- Born: December 23, 1893 Great Falls, Montana
- Died: May 17, 1975 (aged 81) Hong Kong
- Occupation: Lexicographer
- Known for: Missionary

Academic background
- Education: Walla Walla University
- Alma mater: University of Washington
- Thesis: 'The origin, history, and present status of the temples of Japan' (1938)

Academic work
- Discipline: Lexicography
- Sub-discipline: East Asian languages and literature
- Institutions: Seventh-day Adventist missions
- Notable works: The Modern Reader's Japanese-English Character Dictionary

= Andrew Nelson (lexicographer) =

American lexicographer

Andrew Nathaniel Nelson (December 23, 1893 – May 17, 1975) was an American missionary and scholar of East Asian languages and literature, best known for his work in Japanese lexicography.

==Biography==
He was born in Great Falls, Montana to Swedish immigrant parents and earned his B.A. from Walla Walla University. In 1918, he began his long career of service in the Seventh-day Adventist missions of East Asia, where he gained particular distinction in the fields of general education and language training. The University of Washington awarded Nelson a Ph.D. in 1938 for his dissertation on The origin, history, and present status of the temples of Japan.
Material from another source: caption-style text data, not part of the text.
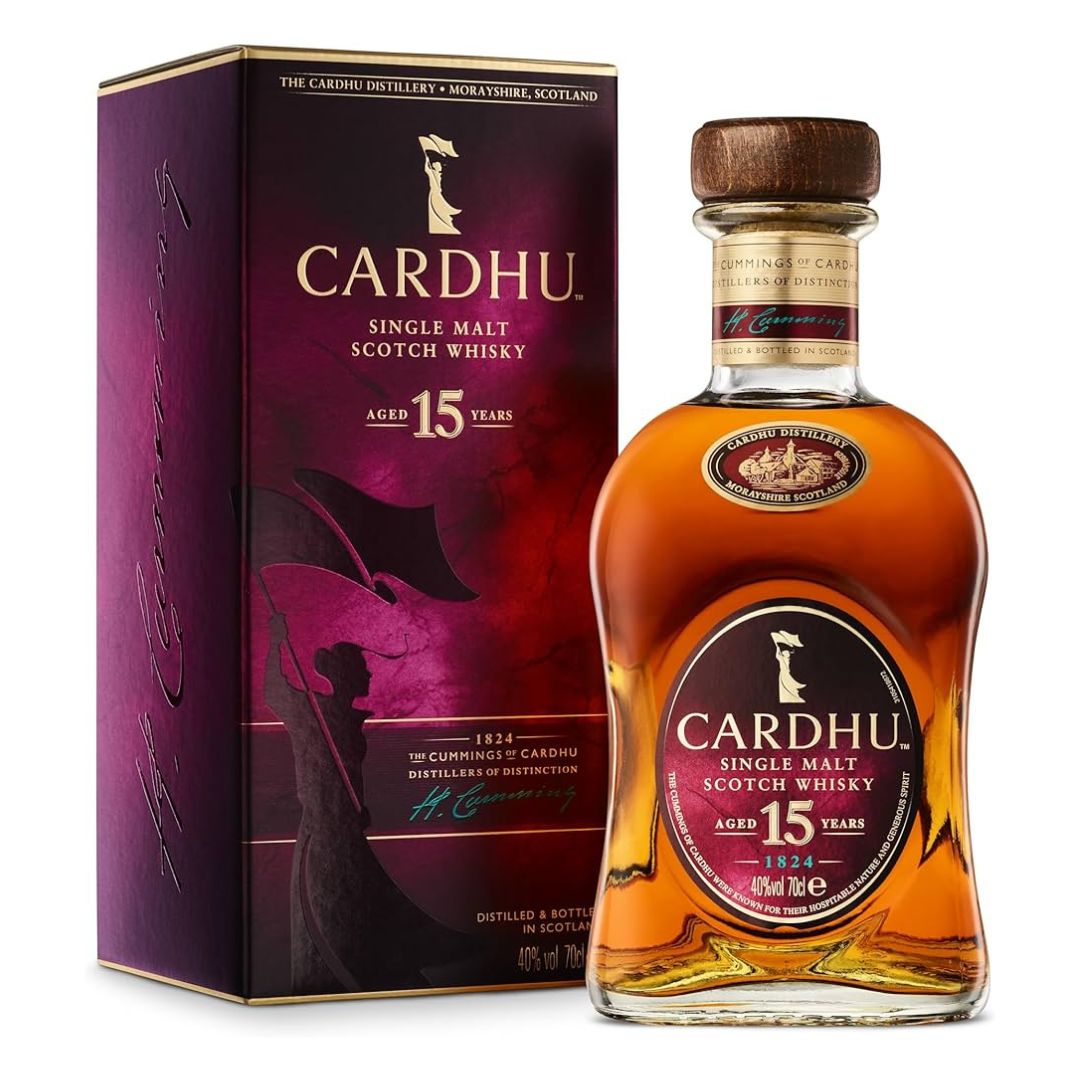 CARDHU 15 YRS 70 CL GoBooz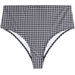 Black & White Gingham High Waist Bikini Bottom thumbnail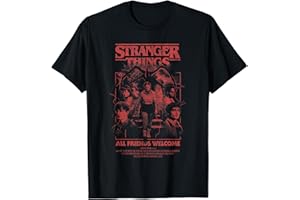 Stranger Things Mindflayer Group Horror Movie Poster T-Shirt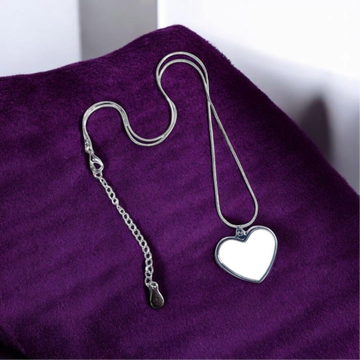 -Heart-shaped Pendant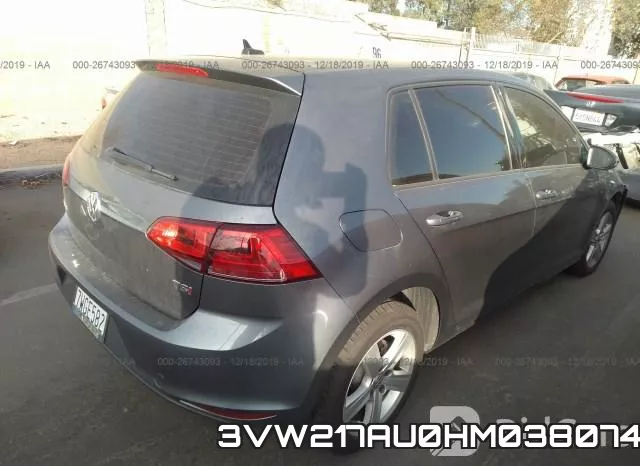 3VW217AU0HM038074 фото 5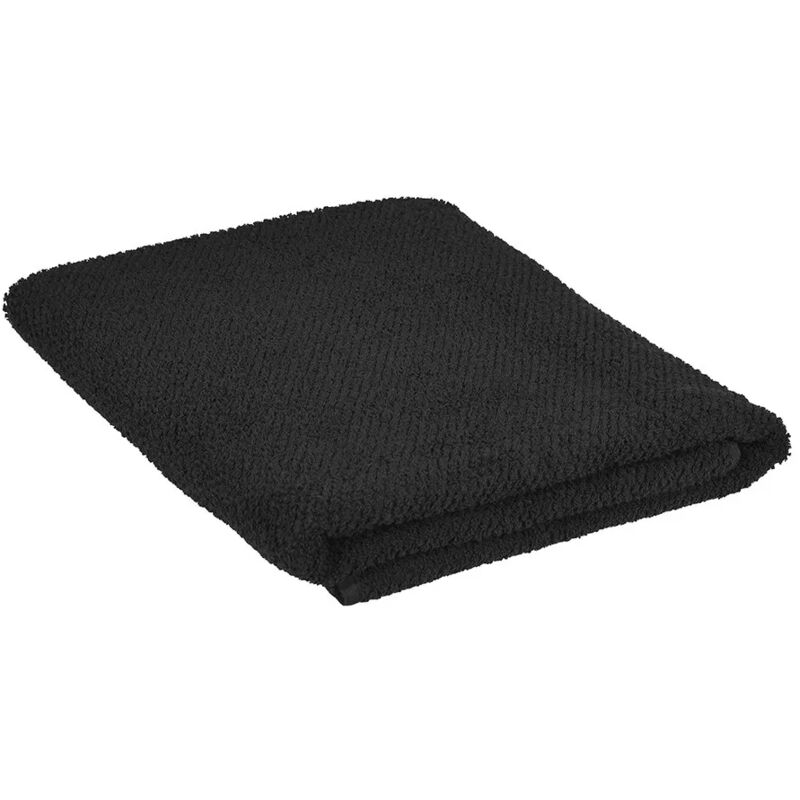 foto del prodotto telo bagno per doccia 90x140 cm nero in cotone 100 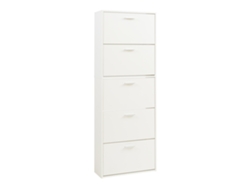 Zapatero Sykkylven 169x60x24 cm con 5 solapas blanco Pt.casa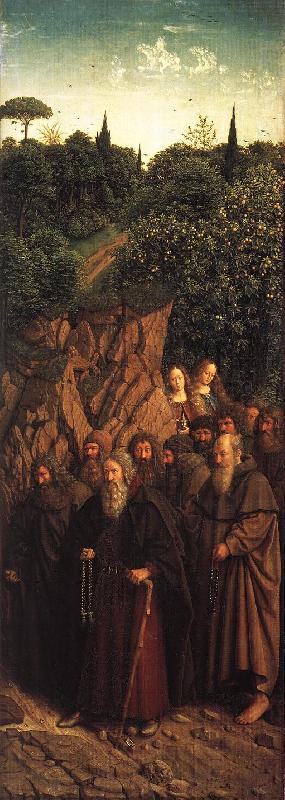 EYCK, Jan van The Holy Hermits France oil painting art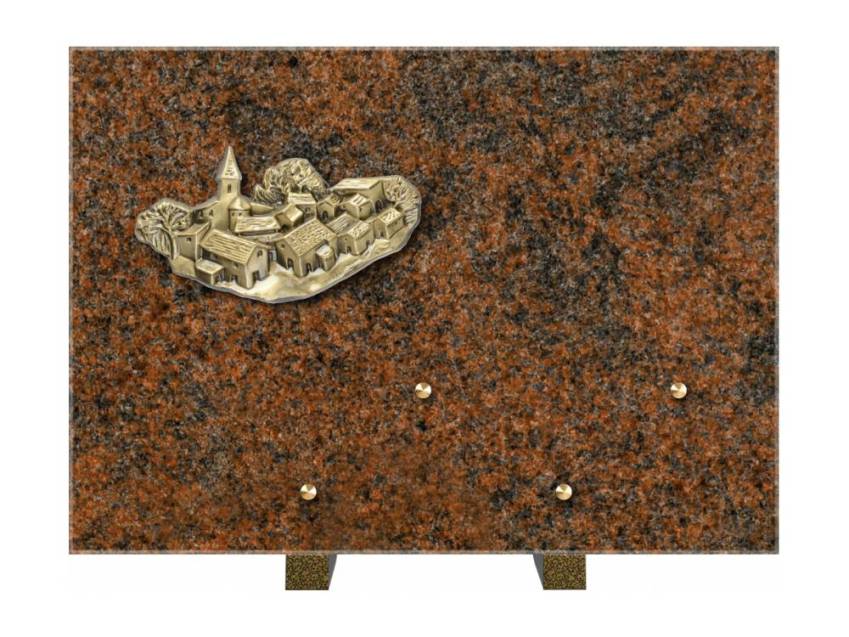 Plaque mortuaire aquarion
After retiring from missionary work in 1961, he was preoccupied with placing the finishing touches on his masterpiece, The Modern Reader's Japanese-English Character Dictionary, which first appeared in print the following year. The work, which was posthumously revised and expanded by a team led by John H. Haig at the University of Hawaii at Manoa, was reissued in 1997 as The New Nelson Japanese-English Character Dictionary; however, many scholars, teachers, and students continue to use the original edition of Nelson's dictionary, which has remained in print, because of changes made in Haig's edition that are viewed as impairing the functionality of the work. It is one of the most authoritative Kanji dictionaries for English learners of the language, and displays particular sensitivity to the difficulties they may have with the Kangxi radical system traditionally used to classify Kanji.

Nelson died in Hong Kong.

==Administrator==
===Philippine Union College===

While President of Philippine Union College, Nelson also served as a chaplain at the New Bilibid Prison. On January 19, 1951, he provided pastoral support for the fourteen executed that day, thirteen of them were part of the Nakamura Case.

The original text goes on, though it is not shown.